Pictures aside, write out every record exactly as it appears.

START SUPPLIED DATA

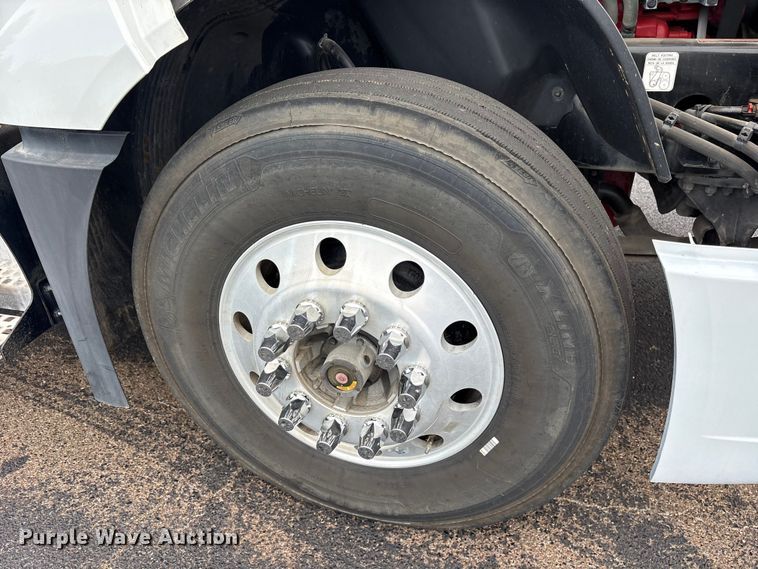 image for item ET7067 2020 Volvo Truck VN semi truck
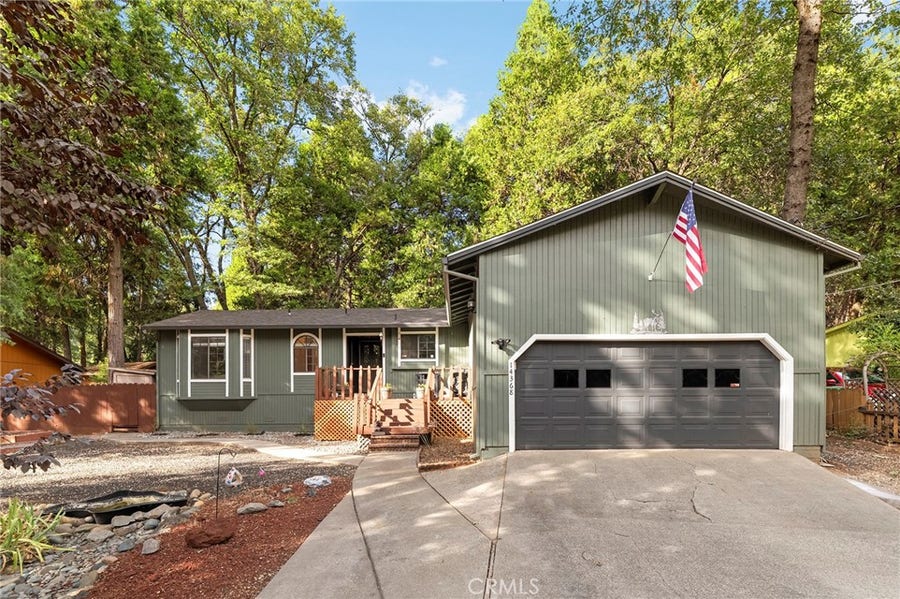 Property photo for 14368 Sinclair Circle, Magalia, CA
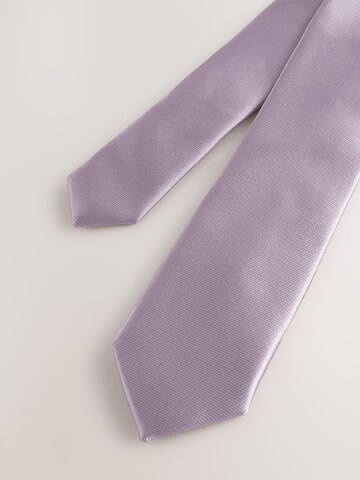 Next - Accesorios para traje en lila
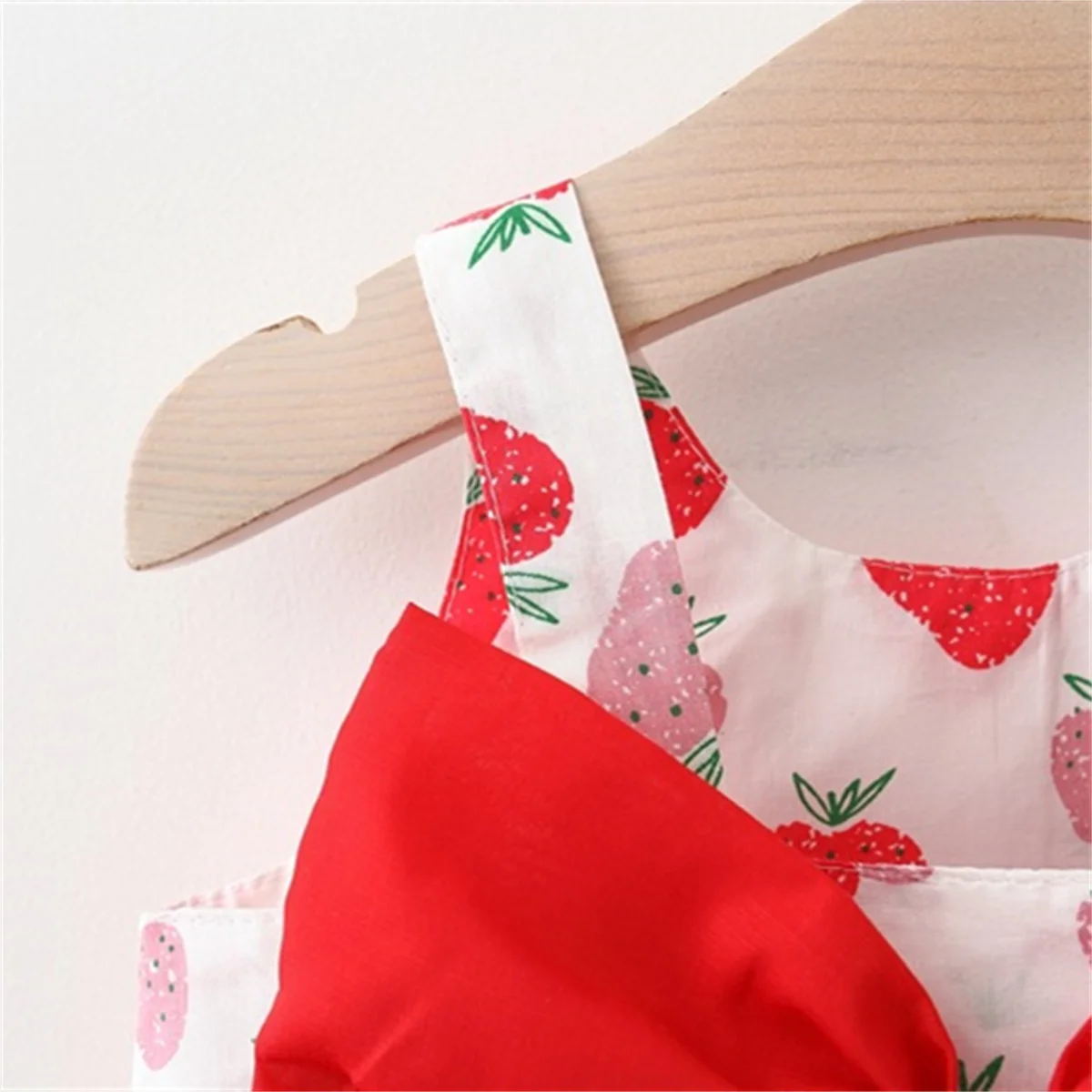 Summer 2-Piece Set Of Baby Dresses And Hats Girl\'S Strawberry Bow Strap Princess Dress 0-3 Year Old Children\'S Clothing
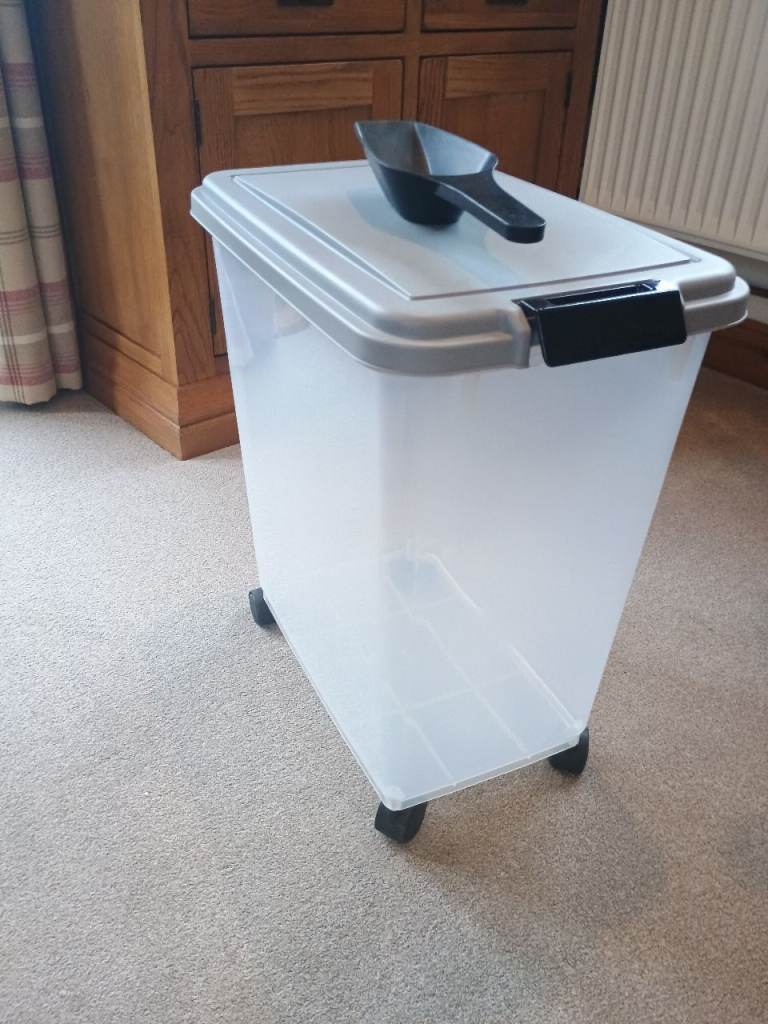 Pet food container 40L on castors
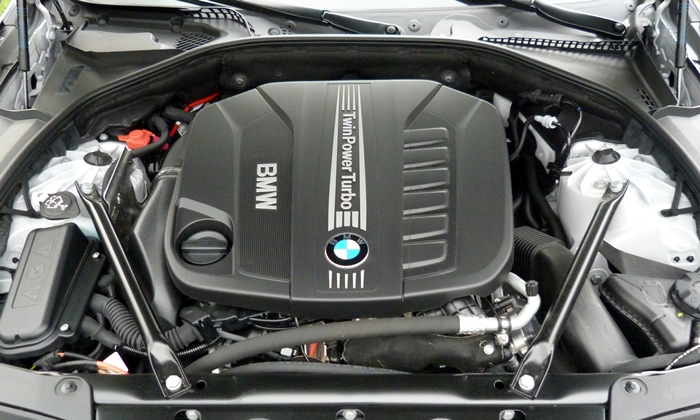 BMW 5-Series Photos: BMW 535d engine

END SUPPLIED DATA

OUTPUT BELOW:
 image for item ET7067 2020 Volvo Truck VN semi truck
 Property photo for 14368 Sinclair Circle, Magalia, CA
 Next - Accesorios para traje en lila
 Summer 2-Piece Set Of Baby Dresses And Hats Girl\'S Strawberry Bow Strap Princess Dress 0-3 Year Old Children\'S Clothing
 Pet food container 40L on castors
 BMW 5-Series Photos: BMW 535d engine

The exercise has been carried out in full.